Hands-On With The Gorgeous New Ninja Gaiden-Like Cyber Shadow 

Hands-On With The Gorgeous New Ninja Gaiden-Like Cyber Shadow 

Cyber Shadow is a retro-looking action platformer that that looks beautiful and controls just as tightly. There have been a lot of those recently, like The Messenger, which channeled Ninja Gaiden, as well as Bloodstained: Curse Of The Moon, a mini-ode to classic Castlevania.

Cyber Shadow isn’t entirely original in that regard, but based on two of the stages I played here at PAX East in Boston it’s as good as any of them.

You play as a ninja trying to rescue the rest of his clan from a master-race of robots that’s harvesting them for their ancient, mystical ninja powers. Using a sword, your jumping prowess, and special ninja abilities acquired from destructible objects littered throughout the world you navigate a series of stages that play like a mixtape rather than one-to-one homages of some classic games.

There are elements of 8-bit Ninja Gaiden, some Mega Man and the snaking paths and occasional backtracking of a Castlevania.

There’s also an industrial, sci-fi edge to it all. The side-scrolling backgrounds depict cities ravaged by the uncompromising march of artificial intelligence. Robots fused to the environment fill corridors with deadly plasma blasts. While Cyber Shadow’s presentation and feel are dripping with nostalgia, its world is brought vibrantly to life thanks to the detail and effects afforded by modern hardware.

Aarne “MekaSkull” Hunziker, the game’s creator, told Kotaku in an interview that there are other influences as well, including Batman on the NES whose bold, black-based backgrounds sit in strong contrast to more colourful contemporaries. Cyber Shadow is a passion project for Hunziker, what he called “a gift to myself.”

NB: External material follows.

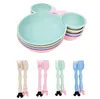 Tazze Piatti Utensili 3 pezzi Paglia di grano Set da tavola per bambini Cartoon Piatti per bambini Cena per bambini Platos Piatto per alimentazione per bambini Ciotola per addestramento Cucchiaio Forchetta P230314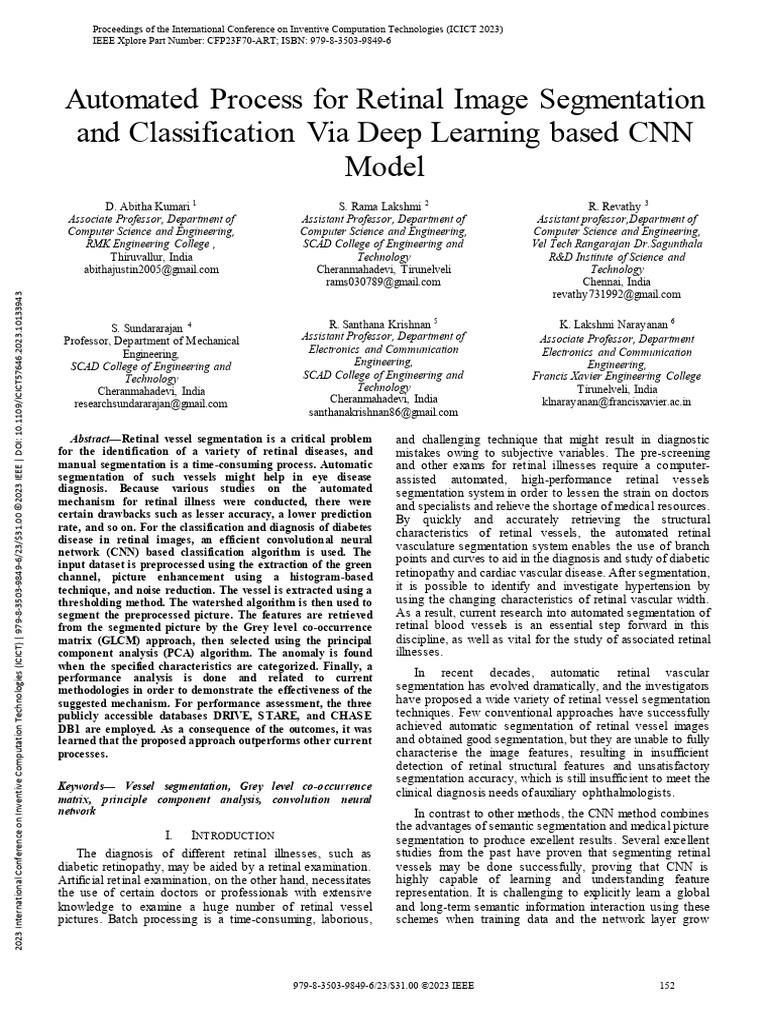 Automated Process For Retinal Image Segmentation and Classification Via ...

While Yacht Club Games, makers of Shovel Knight, are publishing the game and assisting with QA testing, the only other people involved are composer Enrique Martin and sound producer Jake Kaufman.

Hunziker said he started his journey into making games by hacking ROMs, manipulating the visuals of classic games to transform them into something familiar but new. He then set out to make his own game seven years ago, only to scrap it four years later and start coding what would eventually become Cyber Shadow from scratch. Even when things were finally coming together there were times he felt like bailing.

“There were a couple weeks where I was like, this isn’t going to go anywhere,” he said. “Doing it alone and the scope of the game, I just had some weeks where I was only 20 per cent done and thinking about the years I still had left to do it.”

I was only able to play two stages during my demo, but during that time it certainly felt like that time has paid off. While elements of the gameplay, like expending magic points to throw shurikens or breaking a lamp to pick up a new fire ball ability, have a clear and obvious lineage, the world they play out in feels distinct and fleshed out, despite how rarely I was able to directly interact with it.

The gameplay isn’t shallow either. At the end of the demo, with no introduction, I was thrust into a fight with a cyborg ninja dual-wielding an assault rifle and a katana. Even without any narrative dressing, the stakes were palpable, and the encounter took on an interesting arc of its own as I realised the a fiery ball of light orbiting my character could be manipulated like a yo-yo by timing my movement and attacks correctly.

Rather than fighting the cyborg head-on I was able to rip him apart by dodging his other attacks. For the most part. I was able to take him within an inch of his life before dying myself.

Hunziker said almost every little thing in the game has some significance to him. A series of antenna towers that appear in the background at one point aren’t just part of the general, post-industrial aesthetic that permeates the game but one of the tools its AI-based creatures use to communicate with one another, at least according to the more detailed fiction presiding over Cyber Shadow in Hunziker’s mind.

The game doesn’t have a release date yet but it is planned for PS4, Xbox One, Switch, and PC.